* DATA:

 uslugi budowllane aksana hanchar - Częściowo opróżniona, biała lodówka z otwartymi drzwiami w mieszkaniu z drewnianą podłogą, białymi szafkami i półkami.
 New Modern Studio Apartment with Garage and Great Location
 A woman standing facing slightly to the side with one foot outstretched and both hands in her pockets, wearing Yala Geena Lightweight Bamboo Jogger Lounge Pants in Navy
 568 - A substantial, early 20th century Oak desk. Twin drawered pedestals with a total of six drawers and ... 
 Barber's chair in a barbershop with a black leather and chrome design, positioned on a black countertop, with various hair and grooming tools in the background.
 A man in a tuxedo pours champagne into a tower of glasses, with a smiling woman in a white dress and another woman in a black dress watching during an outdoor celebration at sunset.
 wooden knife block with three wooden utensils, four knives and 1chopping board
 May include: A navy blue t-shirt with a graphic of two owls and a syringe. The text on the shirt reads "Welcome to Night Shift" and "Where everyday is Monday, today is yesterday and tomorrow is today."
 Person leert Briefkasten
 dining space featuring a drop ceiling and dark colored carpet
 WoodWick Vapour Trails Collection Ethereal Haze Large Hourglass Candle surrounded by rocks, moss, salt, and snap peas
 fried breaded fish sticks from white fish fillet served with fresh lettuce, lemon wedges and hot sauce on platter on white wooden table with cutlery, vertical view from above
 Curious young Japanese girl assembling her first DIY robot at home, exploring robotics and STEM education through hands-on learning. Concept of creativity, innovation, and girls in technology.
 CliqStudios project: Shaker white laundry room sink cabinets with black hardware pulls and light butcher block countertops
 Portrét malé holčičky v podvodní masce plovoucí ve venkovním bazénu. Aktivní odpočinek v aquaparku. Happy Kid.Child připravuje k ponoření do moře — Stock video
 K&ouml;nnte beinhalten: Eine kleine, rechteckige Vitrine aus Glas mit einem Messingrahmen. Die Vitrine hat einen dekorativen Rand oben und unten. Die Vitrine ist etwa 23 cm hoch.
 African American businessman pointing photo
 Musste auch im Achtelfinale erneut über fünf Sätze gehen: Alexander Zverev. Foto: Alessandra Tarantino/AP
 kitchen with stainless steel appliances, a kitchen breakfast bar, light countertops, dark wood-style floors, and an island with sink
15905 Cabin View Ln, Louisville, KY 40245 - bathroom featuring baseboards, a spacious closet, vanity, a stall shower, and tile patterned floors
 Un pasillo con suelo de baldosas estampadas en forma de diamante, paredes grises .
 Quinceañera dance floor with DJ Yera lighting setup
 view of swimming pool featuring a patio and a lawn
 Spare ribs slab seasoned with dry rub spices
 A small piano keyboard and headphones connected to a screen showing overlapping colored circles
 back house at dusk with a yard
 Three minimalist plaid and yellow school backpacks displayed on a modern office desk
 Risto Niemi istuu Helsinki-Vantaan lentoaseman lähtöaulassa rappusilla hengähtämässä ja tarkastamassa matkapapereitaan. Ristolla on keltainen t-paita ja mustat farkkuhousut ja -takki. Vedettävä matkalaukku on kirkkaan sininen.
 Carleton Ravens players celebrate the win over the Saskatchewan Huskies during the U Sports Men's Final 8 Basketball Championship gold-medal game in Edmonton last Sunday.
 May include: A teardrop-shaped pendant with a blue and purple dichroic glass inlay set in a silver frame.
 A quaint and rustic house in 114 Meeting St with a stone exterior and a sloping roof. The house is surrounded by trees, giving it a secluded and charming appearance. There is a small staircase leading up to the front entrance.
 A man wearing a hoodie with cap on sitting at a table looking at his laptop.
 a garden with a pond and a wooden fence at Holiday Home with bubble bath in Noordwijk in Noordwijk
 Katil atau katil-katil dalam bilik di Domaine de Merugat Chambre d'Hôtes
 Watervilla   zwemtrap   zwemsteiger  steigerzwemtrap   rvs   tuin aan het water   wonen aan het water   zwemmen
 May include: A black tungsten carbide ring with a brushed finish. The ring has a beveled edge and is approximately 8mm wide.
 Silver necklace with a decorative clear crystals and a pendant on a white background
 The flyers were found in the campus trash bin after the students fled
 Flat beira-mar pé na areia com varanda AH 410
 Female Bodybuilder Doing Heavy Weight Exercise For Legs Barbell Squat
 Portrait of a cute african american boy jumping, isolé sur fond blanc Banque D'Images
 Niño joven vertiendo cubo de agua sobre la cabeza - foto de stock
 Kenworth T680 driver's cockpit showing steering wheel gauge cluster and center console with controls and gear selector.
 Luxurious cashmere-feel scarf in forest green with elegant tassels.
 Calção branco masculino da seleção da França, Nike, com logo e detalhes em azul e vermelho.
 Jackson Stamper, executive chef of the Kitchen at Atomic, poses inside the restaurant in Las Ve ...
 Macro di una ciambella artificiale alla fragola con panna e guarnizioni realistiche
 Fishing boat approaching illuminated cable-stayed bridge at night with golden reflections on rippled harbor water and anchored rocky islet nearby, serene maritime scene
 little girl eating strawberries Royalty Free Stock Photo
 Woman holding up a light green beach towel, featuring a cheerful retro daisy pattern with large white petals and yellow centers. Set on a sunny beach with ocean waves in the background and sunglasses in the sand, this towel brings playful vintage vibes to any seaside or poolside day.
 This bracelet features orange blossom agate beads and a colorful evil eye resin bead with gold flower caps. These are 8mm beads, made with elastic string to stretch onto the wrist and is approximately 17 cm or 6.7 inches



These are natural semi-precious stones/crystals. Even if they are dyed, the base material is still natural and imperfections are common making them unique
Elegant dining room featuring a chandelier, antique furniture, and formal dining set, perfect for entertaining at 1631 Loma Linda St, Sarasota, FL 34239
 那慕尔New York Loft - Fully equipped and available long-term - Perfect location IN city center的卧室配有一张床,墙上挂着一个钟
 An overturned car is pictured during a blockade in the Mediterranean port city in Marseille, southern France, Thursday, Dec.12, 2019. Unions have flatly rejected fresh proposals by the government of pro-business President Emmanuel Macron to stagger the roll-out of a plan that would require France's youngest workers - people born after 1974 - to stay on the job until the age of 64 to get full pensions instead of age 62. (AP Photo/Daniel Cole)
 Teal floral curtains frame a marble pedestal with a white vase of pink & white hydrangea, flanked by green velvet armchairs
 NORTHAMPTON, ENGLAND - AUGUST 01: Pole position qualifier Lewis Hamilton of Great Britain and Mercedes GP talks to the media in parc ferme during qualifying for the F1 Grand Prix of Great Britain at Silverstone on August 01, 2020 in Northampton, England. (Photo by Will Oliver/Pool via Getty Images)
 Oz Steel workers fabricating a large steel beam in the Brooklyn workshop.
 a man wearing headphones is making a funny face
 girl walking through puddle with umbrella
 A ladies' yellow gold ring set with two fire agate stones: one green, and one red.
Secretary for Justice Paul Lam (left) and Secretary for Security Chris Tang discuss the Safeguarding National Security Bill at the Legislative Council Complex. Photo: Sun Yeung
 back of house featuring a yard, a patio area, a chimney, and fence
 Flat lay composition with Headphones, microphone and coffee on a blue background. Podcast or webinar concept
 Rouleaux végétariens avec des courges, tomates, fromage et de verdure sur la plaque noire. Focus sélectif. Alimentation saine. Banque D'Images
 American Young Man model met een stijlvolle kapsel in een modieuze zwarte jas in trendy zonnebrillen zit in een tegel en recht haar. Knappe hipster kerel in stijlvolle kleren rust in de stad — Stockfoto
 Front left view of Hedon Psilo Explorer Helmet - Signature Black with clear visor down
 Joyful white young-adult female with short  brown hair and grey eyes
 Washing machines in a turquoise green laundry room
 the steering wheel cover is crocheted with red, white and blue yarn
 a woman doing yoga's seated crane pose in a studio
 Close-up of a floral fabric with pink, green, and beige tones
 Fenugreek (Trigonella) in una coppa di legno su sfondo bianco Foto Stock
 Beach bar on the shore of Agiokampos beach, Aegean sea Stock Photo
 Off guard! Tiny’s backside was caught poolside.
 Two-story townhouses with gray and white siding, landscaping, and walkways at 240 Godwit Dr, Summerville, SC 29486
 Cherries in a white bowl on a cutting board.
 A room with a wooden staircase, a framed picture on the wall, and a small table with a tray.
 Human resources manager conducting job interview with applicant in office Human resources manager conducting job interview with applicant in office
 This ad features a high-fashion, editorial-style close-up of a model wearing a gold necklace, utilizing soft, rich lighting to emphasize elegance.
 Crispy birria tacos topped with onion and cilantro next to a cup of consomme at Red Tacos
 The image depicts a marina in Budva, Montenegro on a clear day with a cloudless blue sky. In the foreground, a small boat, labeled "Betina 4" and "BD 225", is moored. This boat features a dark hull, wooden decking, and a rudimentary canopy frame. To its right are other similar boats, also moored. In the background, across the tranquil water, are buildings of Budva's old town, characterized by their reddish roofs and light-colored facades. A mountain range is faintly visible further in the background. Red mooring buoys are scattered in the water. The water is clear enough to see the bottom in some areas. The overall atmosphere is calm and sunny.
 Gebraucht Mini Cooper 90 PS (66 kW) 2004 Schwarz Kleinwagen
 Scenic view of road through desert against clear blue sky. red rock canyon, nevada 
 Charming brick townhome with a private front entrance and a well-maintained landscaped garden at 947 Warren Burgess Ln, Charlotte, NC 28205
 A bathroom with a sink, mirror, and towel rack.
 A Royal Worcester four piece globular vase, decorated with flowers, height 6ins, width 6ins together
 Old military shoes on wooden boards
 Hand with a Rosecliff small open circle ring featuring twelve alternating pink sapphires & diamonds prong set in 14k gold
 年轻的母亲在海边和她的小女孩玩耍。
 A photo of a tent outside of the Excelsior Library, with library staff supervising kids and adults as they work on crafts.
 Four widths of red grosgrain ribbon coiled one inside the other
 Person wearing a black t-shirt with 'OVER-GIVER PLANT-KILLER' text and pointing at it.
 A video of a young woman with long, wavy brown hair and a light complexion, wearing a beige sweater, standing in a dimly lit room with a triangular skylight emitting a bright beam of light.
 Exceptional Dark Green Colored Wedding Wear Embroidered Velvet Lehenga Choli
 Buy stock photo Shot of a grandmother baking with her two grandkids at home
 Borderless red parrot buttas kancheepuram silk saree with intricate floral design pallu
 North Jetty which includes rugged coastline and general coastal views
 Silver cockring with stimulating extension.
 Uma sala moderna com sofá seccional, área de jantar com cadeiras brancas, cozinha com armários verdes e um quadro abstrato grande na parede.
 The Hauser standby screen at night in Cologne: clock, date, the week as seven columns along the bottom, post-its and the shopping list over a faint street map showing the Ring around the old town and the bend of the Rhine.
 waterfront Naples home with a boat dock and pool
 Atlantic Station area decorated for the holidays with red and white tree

* EXERCISE GOAL:
Among the entries above, locate the lines containing "Hand with a" and "A photo of a", and transcribe exactly those two lines and all lines between.

* OUTPUT OF THE TASK:
 Hand with a Rosecliff small open circle ring featuring twelve alternating pink sapphires & diamonds prong set in 14k gold
 年轻的母亲在海边和她的小女孩玩耍。
 A photo of a tent outside of the Excelsior Library, with library staff supervising kids and adults as they work on crafts.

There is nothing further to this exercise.